Is it safe to watch a solar eclipse through a pinhole projector?

Yes — watching the projected image on a surface is completely safe. You are looking at reflected sunlight on paper or the ground, not at the Sun directly. The pinhole itself is also safe to look at (you are looking at the hole, not through it). Just make sure no one looks directly at the Sun through the pinhole.

Can I use my phone camera to look at the eclipse?

You can use your phone to photograph the eclipse through a proper solar filter, or to photograph projected images (the colander pattern on the ground, the pinhole image on paper). However, do not point your phone camera directly at the Sun without a solar filter — the intense light can damage the camera sensor. Most modern phone cameras are robust enough to survive a quick shot, but prolonged pointing at the Sun is risky.

Can I watch the eclipse through a welding mask?

Only if the welding filter is shade level 14 or higher (ISO 12312-2 equivalent). Most standard welding masks (shade 10–13) are not dark enough for safe solar viewing. Shade 14 welding glass is safe but produces a green-tinted view that many find less satisfying than modern eclipse glasses with neutral-density optical film. Stick with ISO-certified eclipse glasses when possible.

Can I look at the eclipse through exposed film or CDs?

No. Exposed photographic film, floppy disks, CDs, DVDs, and smoked glass are NOT safe for solar viewing. They do not block the full spectrum of infrared and ultraviolet radiation that causes eye damage. Only use ISO 12312-2 certified solar filters or shade 14 welding glass for direct viewing. For safe viewing without any equipment, use the projection methods described in this guide.

What is the best DIY method for a large group?

The colander method is the most visually impressive for groups — dozens of crescent Suns on the ground never fails to generate excitement. For a classroom setting, set up multiple projection stations: a cardboard box pinhole, a colander on the ground, and binocular projection onto a large white screen. This allows everyone to experience the eclipse from different perspectives.

Will these projection methods work from a location with only a partial eclipse?

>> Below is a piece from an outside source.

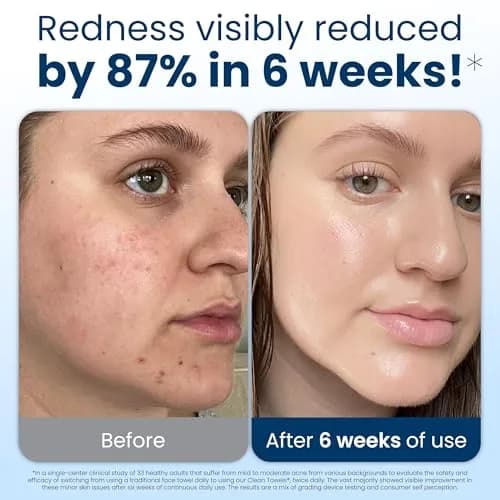 Clean Skin Club Clean Towels XL® Disposable Face Towels 50 Count (1.5 lb) | USDA Biobased & Dermatologist Approved thumbnail 3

Yes — projection methods work perfectly for any partial eclipse. In fact, since the Sun is never fully covered outside the path of totality, projection methods are ideal for locations like Madrid (~90% partial), London (~30%), or Paris (~35%). The crescent shape will be visible in the projected images throughout the entire partial phase. Only during totality (within the path) does the projected image disappear, replaced by the darkness of the Moon's shadow — but this only lasts 2 minutes.